- Archdiocese: Roman Catholic Diocese of Požega
- Province: Požega
- See: Požega
- Appointed: 5 July 1997
- Term ended: 11 March 2024
- Predecessor: new creation
- Successor: Ivo Martinović

Orders
- Ordination: 25 June 1972
- Consecration: 16 July 1992 by Franjo Kuharić

Personal details
- Born: Antun Škvorčević 8 May 1947 (age 79) Davor, SR Croatia, SFR Yugoslavia (modern Croatia)
- Denomination: Roman Catholic
- Alma mater: University of Zagreb Pontifical Gregorian University Pontifical Institute of Sacred Liturgy
- Motto: Christus hodie et in saecula Krist danas i uvijeke Christ today and forever
- Coat of arms: Antun Škvorčević's coat of arms

= Antun Škvorčević =

Croatian bishop

Antun Škvorčević (born 8 May 1947) is a Croatian Roman Catholic prelate, who served as a diocesan bishop of the Roman Catholic Diocese of Požega since 1997 until 2024.

==Early life and education==
Antun Škvorčević was born in a small village of Davor on 8 May 1947 to Ivan and Ljubičica Škvorčević.

He enrolled in primary school in Davor, and Zagreb, eventually graduating in Slavonski Brod, after which he attended high school (Classical catholic gymnasium) for future priests on Šalata in Zagreb. Škvorčević graduated from Zagreb Catholic Theological Faculty, where he also gained his master's degree, after which he went to Rome for additional specialization. In 1981 he gained his doctorate in theology at the Pontifical Gregorian University. In addition, he graduated liturgy from the Pontifical Institute of Sacred Liturgy.

==Career==
Antun Škvorčević was ordered for a priest of the Archdiocese of Zagreb on 25 June 1972. After ordination, he worked as a chaplain in the parish of St. Joseph in Zagreb (1972–1976), lecturer at the Zagreb Catholic Theological Faculty and its institutes (since 1982), Head of the Catechetical Institute of Catholic Theology of the University of Zagreb (1991–1999), and member of the Quorum prebendarian main church in Zagreb (appointed in 1987).
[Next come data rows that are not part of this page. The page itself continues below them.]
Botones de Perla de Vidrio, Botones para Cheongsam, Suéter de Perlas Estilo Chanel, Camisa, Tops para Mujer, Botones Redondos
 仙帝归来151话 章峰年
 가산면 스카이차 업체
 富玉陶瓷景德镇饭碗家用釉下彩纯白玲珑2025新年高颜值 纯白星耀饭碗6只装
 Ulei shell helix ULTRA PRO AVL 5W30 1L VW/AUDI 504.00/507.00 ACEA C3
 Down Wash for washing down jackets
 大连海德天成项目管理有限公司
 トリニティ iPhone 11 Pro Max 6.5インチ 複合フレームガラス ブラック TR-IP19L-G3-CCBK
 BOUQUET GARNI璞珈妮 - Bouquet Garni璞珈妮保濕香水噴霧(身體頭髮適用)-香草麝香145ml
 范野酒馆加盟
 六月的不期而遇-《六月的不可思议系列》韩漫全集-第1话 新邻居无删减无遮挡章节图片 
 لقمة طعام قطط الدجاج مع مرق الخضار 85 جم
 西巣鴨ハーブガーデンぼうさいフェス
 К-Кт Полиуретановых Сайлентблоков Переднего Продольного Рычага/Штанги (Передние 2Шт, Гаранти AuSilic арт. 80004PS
on 3 May 1992, Pope John Paul II appointed him titular bishop of Editania and auxiliary bishop of the Roman Catholic Diocese of Đakovo-Srijem or Bosna. He was ordained a bishop on July 16 of the same year in the cathedral in Đakovo.

On 5 July 1997, Pope John Paul II appointed him Bishop of, at the time, newly founded Diocese of Požega. And he was enthroned on September 27, 1997.